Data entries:

=== Section Start ===

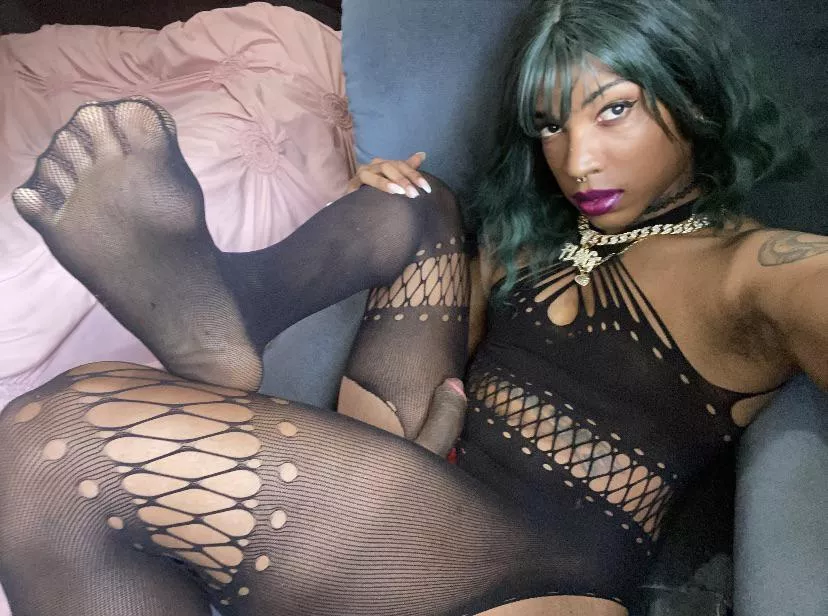 Comment if you would worship my feet to get to my dick baby..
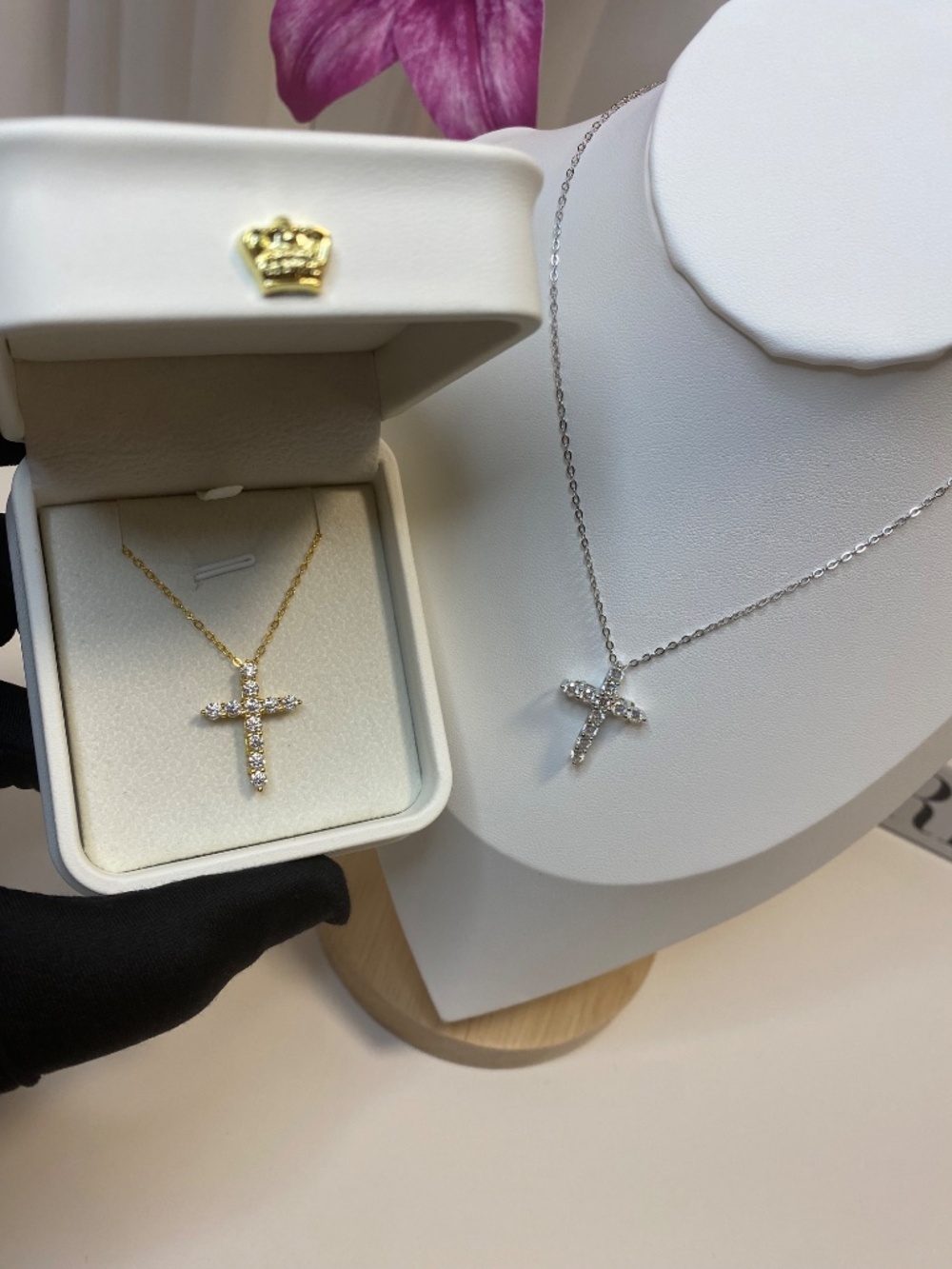 Moissanite Cross Pendant Necklace /S925 Sterling Silver/Gold - Picture 5 of 5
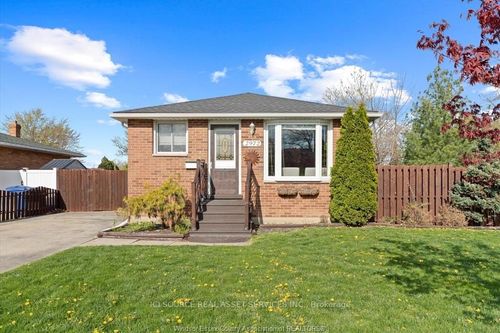 main-fl-2972 Grandview St, Windsor, ON, N8T2L6 | Card Image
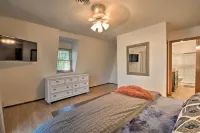 Lake Hartwell Home w/ Dock < 10 Miles to Clemson! - balcony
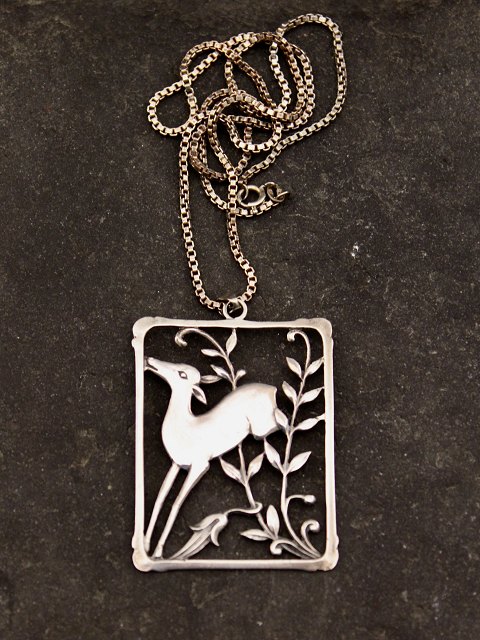 830 silver art deco pendant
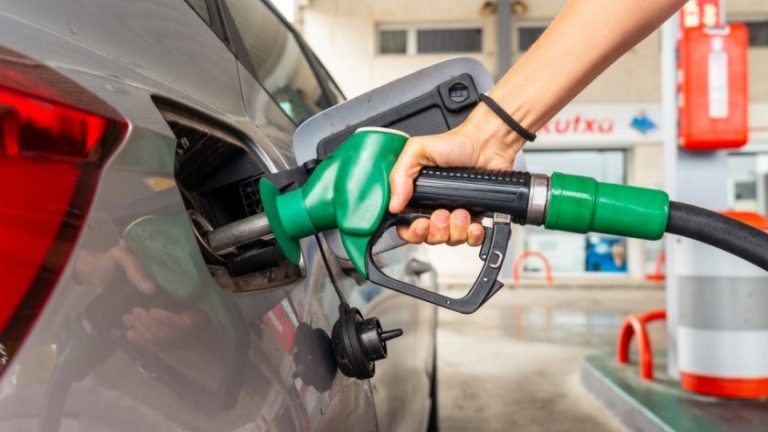 Бензиностанция.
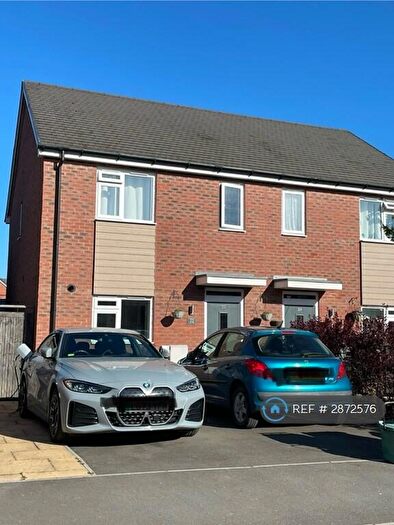 3 Bedroom Semi Detached House To Rent In Poplar Drive, Stratford-Upon-Avon, CV37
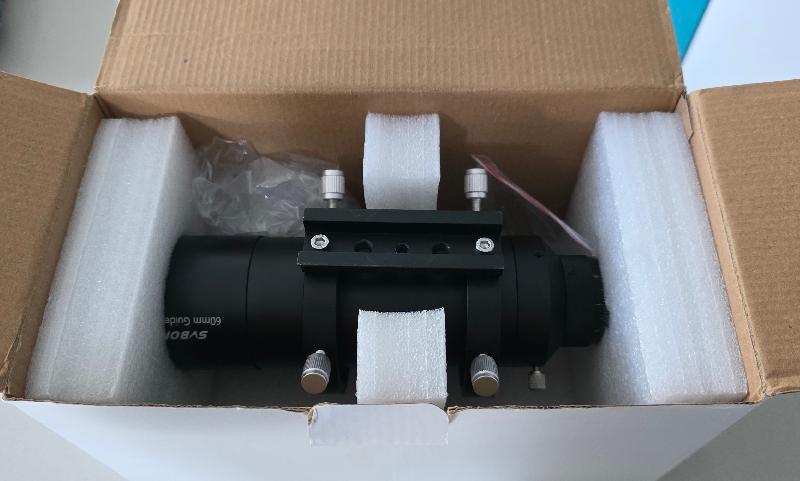 Lunette SVBony carton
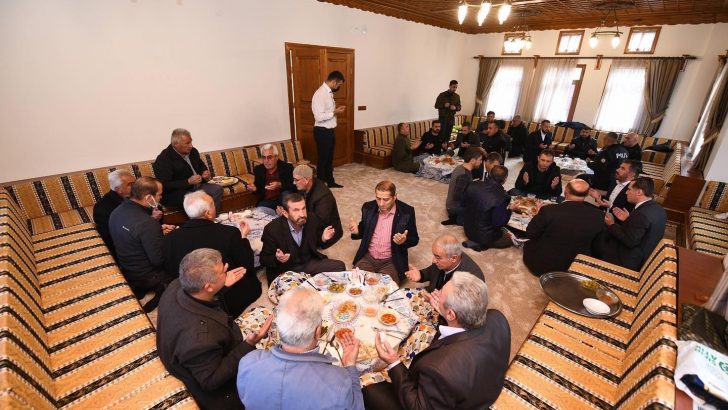 Başkan Çetin, Karşıyaka Mahalle Konağı’nda vatandaşlarla buluştu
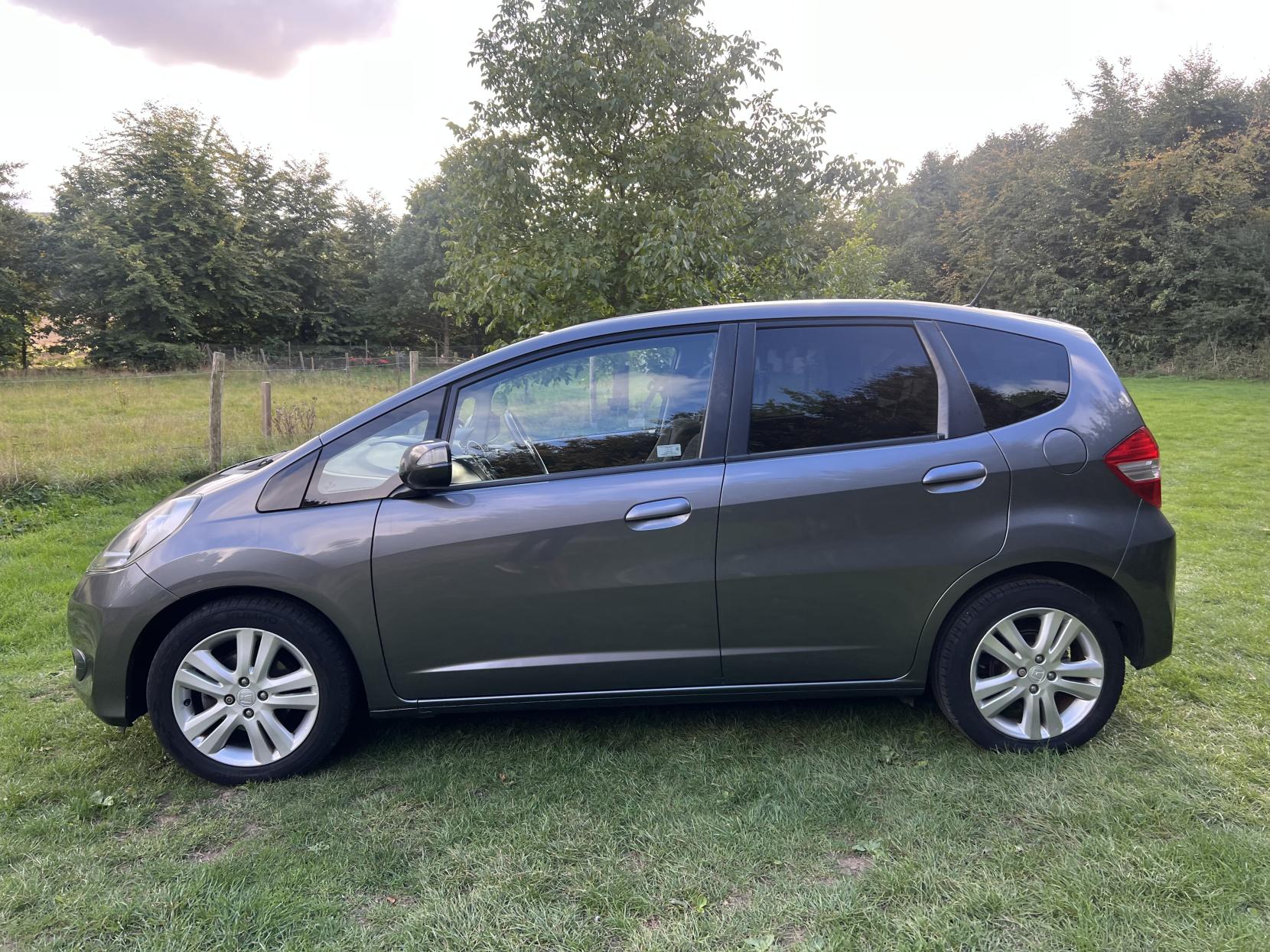 Honda Jazz 1.4 i-VTEC EX Hatchback 5dr Petrol CVT Euro 5 (99 ps)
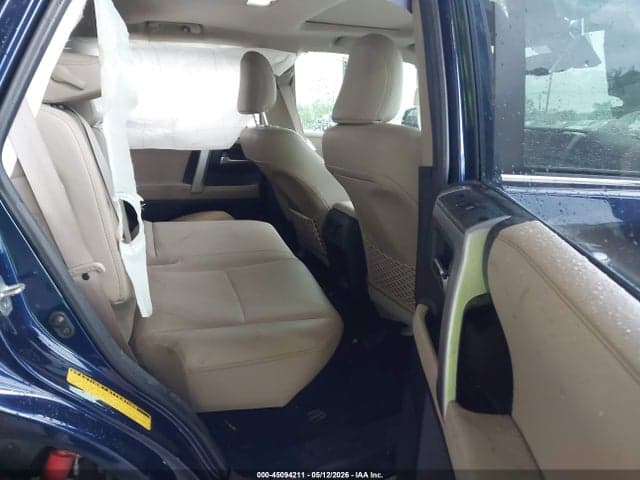 2024 TOYOTA 4RUNNER LIMITED 8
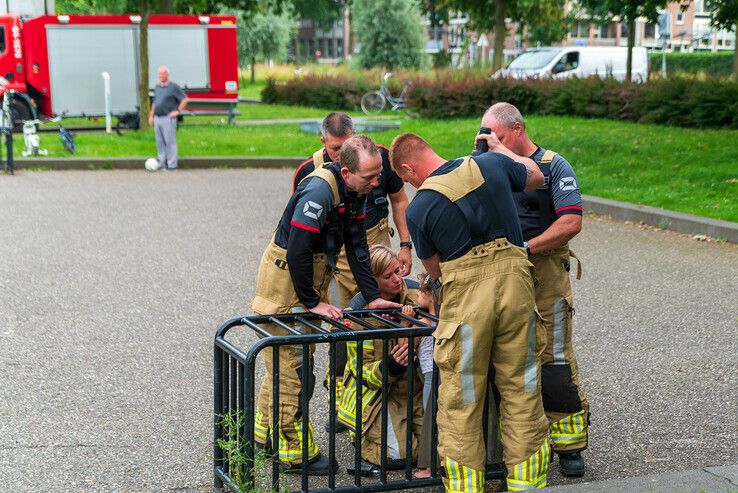 Brandweer bevrijdt peuter uit goaltje in Park de Wezenlanden - Foto: Peter Denekamp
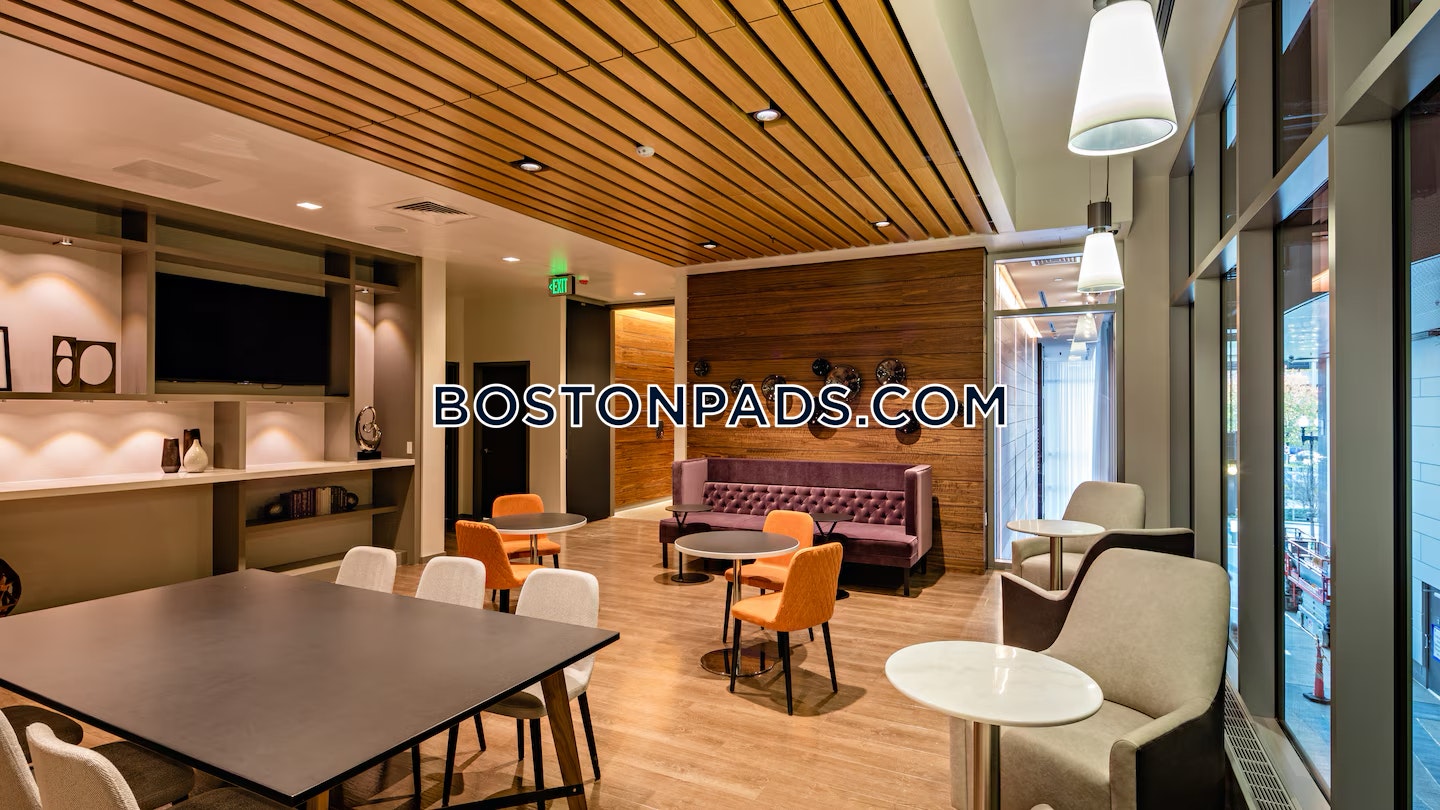 Boston - 0 Beds, 1 Baths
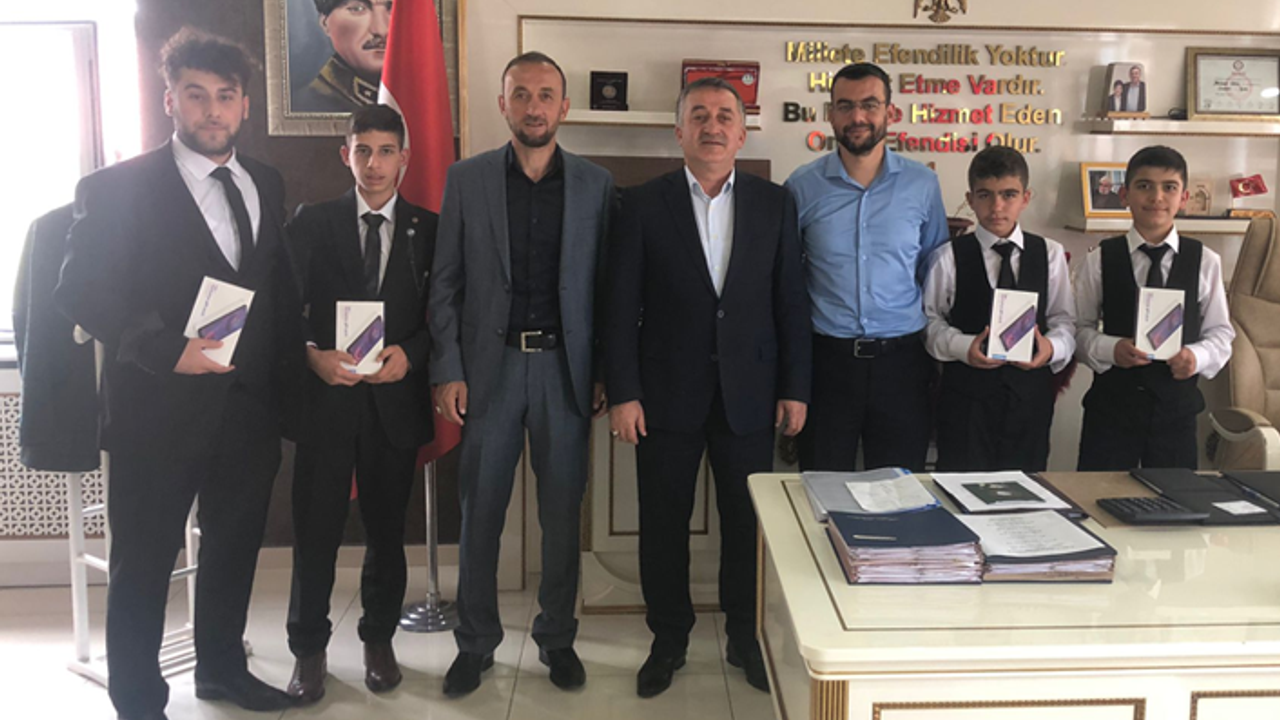 Ilgaz Erkek Kuran Kursu ilk hafızlarını verdi!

=== Section End ===

■ **PROBLEM DESCRIPTION**: Write out only the lines from the one that contains "Boston - 0 Beds, 1 Baths" through the last line of the records above, both included, word for word and without the pictures.

■ **RESPONSE**:
 Boston - 0 Beds, 1 Baths
 Ilgaz Erkek Kuran Kursu ilk hafızlarını verdi!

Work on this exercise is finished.